Se il mio interlocutore è di umore polemico, il purvapakshin può replicare che non sono un cristiano perché nessun cristiano oserebbe mai dire "io sono Dio". Su questo punto insisto sul fatto che non ho detto "io sono Dio" – ma aham brahman. E d’altronde, un certo maestro, un modello per i cristiani, ha detto "il Padre ed io siamo Uno"e che sono, anch’io, chiamato ad essere Uno con "loro"…Ma non è la sede di riflettere sulla Trinità. Io cerco di rispondere alla domanda per sapere se sono un indù o no. Non rifletto ora sul fatto di sapere se sono un cristiano o no – benché affermo ugualmente, senza alcuna ambiguità, che sono certamente un cristiano.

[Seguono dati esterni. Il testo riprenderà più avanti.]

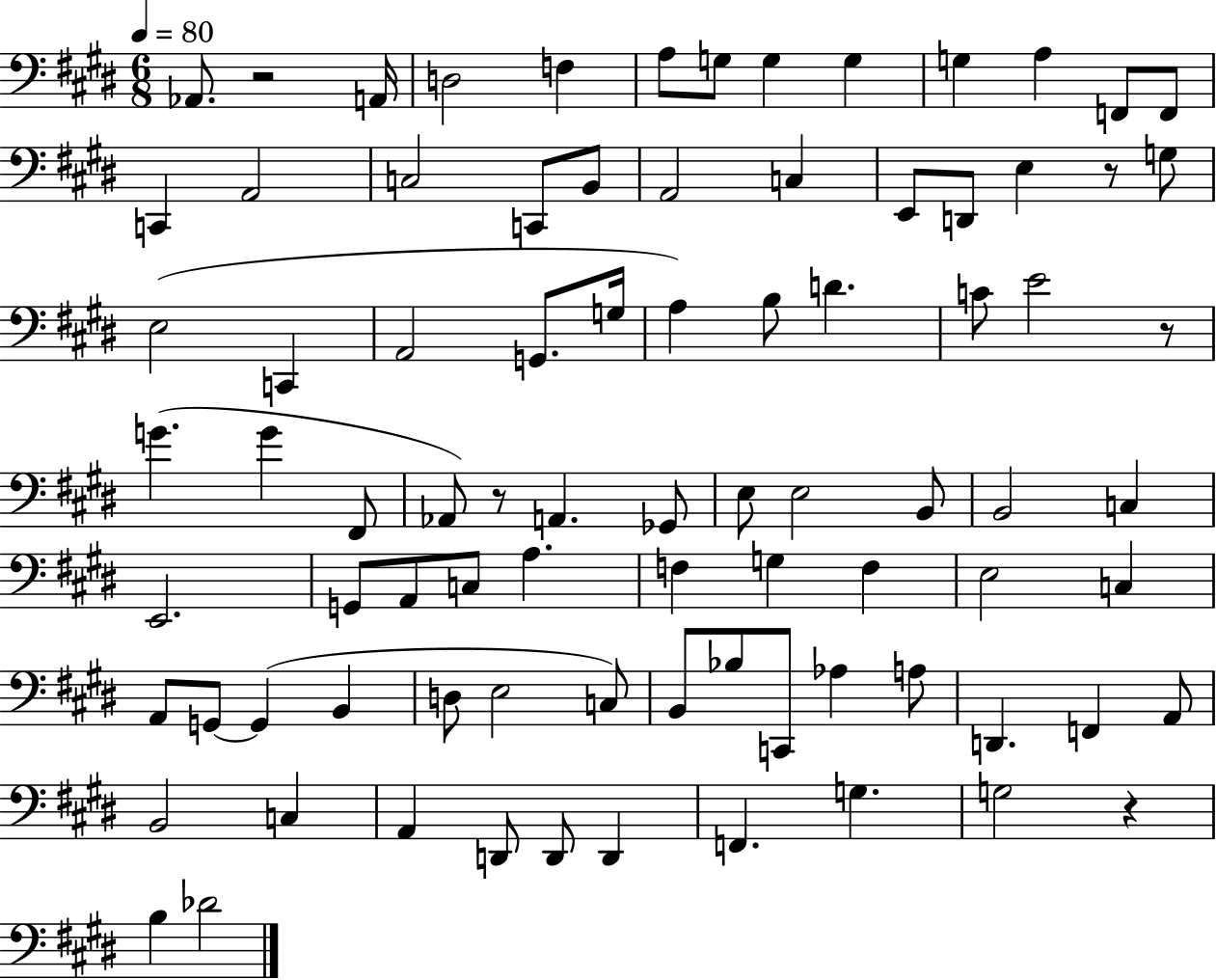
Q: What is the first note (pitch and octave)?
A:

Potrei proseguire esponendo la saggezza indù, così come la sperimento. Potrei continuare con il mahavakya supremo e spiegare che il tat tvam asi mi rivela che sono il tvam del tat, il "tu" dell’"io" – uguale all’"io" e inseparabile da lui. Ma non ho iniziato queste osservazioni se non per reagire a quella domanda, non per esporre la mia comprensione dell’induismo. Finirei per contraddirmi, dopo aver detto che l’induismo è una attitudine esistenziale e non semplicemente un corpo dottrinale, se scendessi a un livello puramente mentale. In verità, l’induismo comporta numerose dottrine, ma non può essere identificato in alcuna di esse – e direi la stessa cosa del cristianesimo.

Ecco, questo è abbastanza per una confessione.

 

(traduzione di Federico Battistutta)

 

Piccolo glossario

Al fine di agevolare la lettura del testo forniamo di seguito una succinta spiegazione dei termini sanscriti presenti nell’articolo. (N. d. t.)

 

aham braham: uno dei "grandi detti" (mahavakya) indù: "Io sono brahman", uno e identico alla realtà assoluta, fondamento di tutto.

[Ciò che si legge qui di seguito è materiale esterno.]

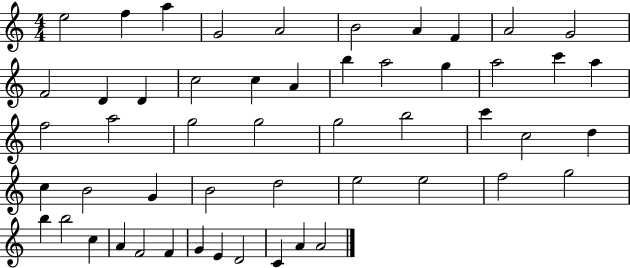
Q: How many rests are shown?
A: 0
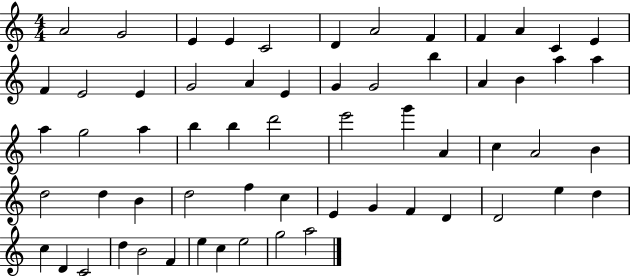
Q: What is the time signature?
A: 4/4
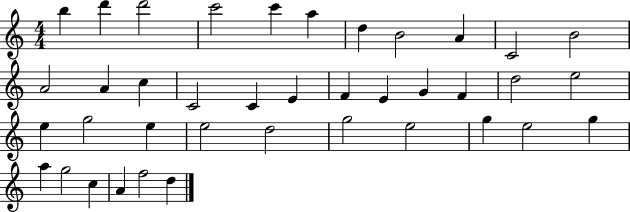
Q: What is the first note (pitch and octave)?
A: B5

ahamkara: coscienza dell’ego in rapporto agli oggetti interni o esterni; principio dell’individuazione che ha la funzione di unificare i dati della coscienza.

atman: il Sé, nucleo ontologico dell’induismo, la più intima essenza di ogni uomo e di ogni cosa. Deriva dalla radice an, che significa respirare.

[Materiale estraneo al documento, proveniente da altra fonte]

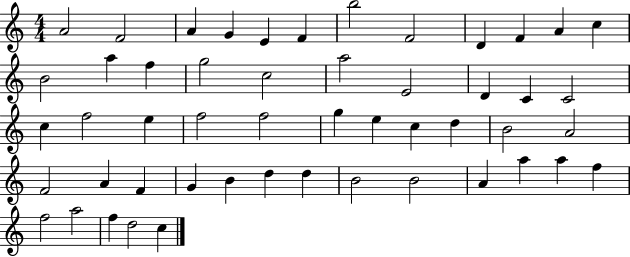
A4/h F4/h A4/q G4/q E4/q F4/q B5/h F4/h D4/q F4/q A4/q C5/q B4/h A5/q F5/q G5/h C5/h A5/h E4/h D4/q C4/q C4/h C5/q F5/h E5/q F5/h F5/h G5/q E5/q C5/q D5/q B4/h A4/h F4/h A4/q F4/q G4/q B4/q D5/q D5/q B4/h B4/h A4/q A5/q A5/q F5/q F5/h A5/h F5/q D5/h C5/q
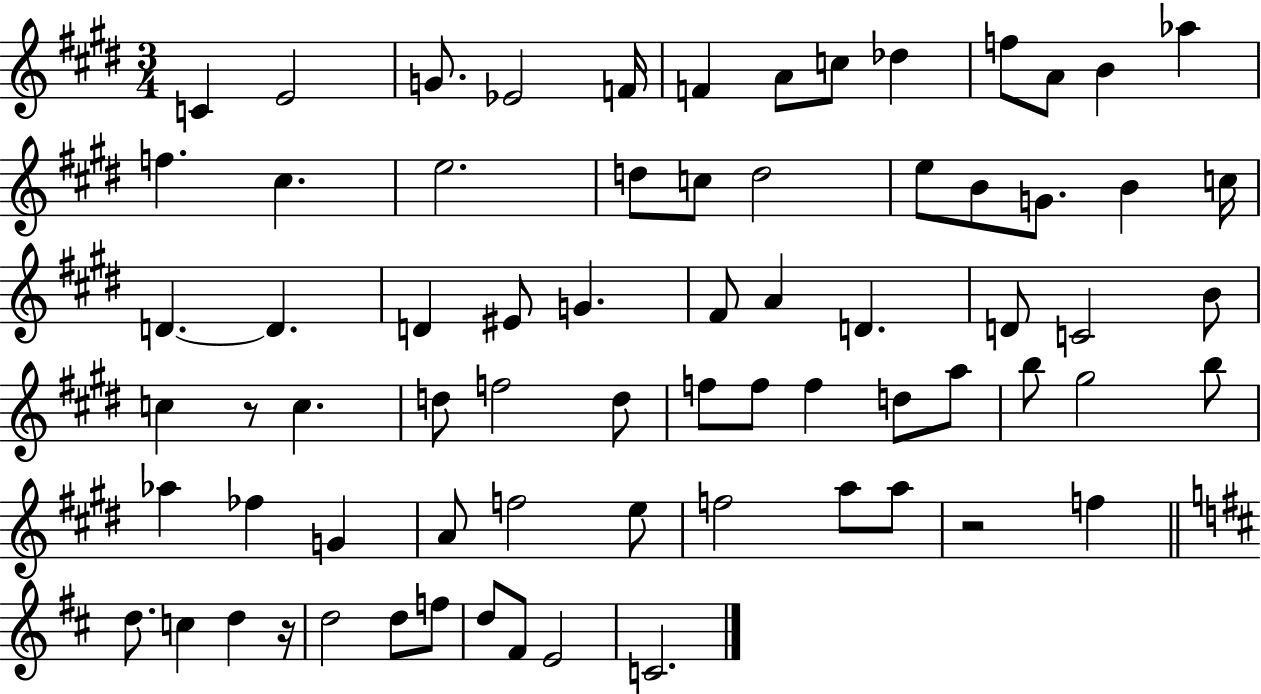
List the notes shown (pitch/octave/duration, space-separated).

C4/q E4/h G4/e. Eb4/h F4/s F4/q A4/e C5/e Db5/q F5/e A4/e B4/q Ab5/q F5/q. C#5/q. E5/h. D5/e C5/e D5/h E5/e B4/e G4/e. B4/q C5/s D4/q. D4/q. D4/q EIS4/e G4/q. F#4/e A4/q D4/q. D4/e C4/h B4/e C5/q R/e C5/q. D5/e F5/h D5/e F5/e F5/e F5/q D5/e A5/e B5/e G#5/h B5/e Ab5/q FES5/q G4/q A4/e F5/h E5/e F5/h A5/e A5/e R/h F5/q D5/e. C5/q D5/q R/s D5/h D5/e F5/e D5/e F#4/e E4/h C4/h.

karma (o karman): l’azione o la sua esecuzione. Anticamente indicava l’azione rituale, la cerimonia sacrificale e gli effetti che avrebbe arrecato. Più estesamente, è il risultato di tutte le azioni secondo la legge del karman che governa le azioni e i loro risultati nell’universo.

dharma: legge naturale, norma cosmica, consuetudine sociale, dovere, ordine etico, religione. Proviene dalla radice dhar, che significa tenere; è ciò che forma, costituisce e sostiene.

mahavakya: grande detto, espressione che in forma assai concisa esprime nei testi indù il contenuto dell’esperienza dell’assoluto.

marga: strada, sentiero, via. Per estensione, al termine è stato assegnato un significato etico o religioso, passando ad indicare il cammino più giusto o appropriato, come nell’ottuplice sentiero del buddhismo.

mumukshutva: aspirazione ardente alla liberazione (moksa o mukti).

murtipujaka: colui che venera, attraverso riti e cerimonie, immagini e rappresentazioni di una divinità.

nama-rupa: nome e forma; l’unione di designazioni e forme che costituiscono il molteplice del mondo manifesto.

nirvana: letteralmente "estinzione". Ottenimento di una conoscenza libera da illusione (maya) e falsità (avidya). A differenza del buddhismo, il termine è poco usato nel contesto indù.

purvapaksin: colui che obbietta, polemizza, critica. Purvapaksha è la tesi da confutare.

sloka: stanza, strofa, distico epico nella letteratura indiana.

tat tvam asi: un altro grande detto indù: "Quello sei tu". Si afferma l’identità tra atman ( il Sé reale dell’uomo) e brahman (il Sé cosmico). "Questo supremo brahman, atman universale, immensa dimora di tutto ciò che esiste, più sottile di ogni cosa sottile, costante: in verità è te stesso, perché quello sei tu" (Kaivalya upanishad, I, 16).

vedantin: colui che segue il Vedanta, una delle sei correnti (darshana) principali dell’induismo. I principali maestri sono Gaudapada, Shankara e Ramanuja.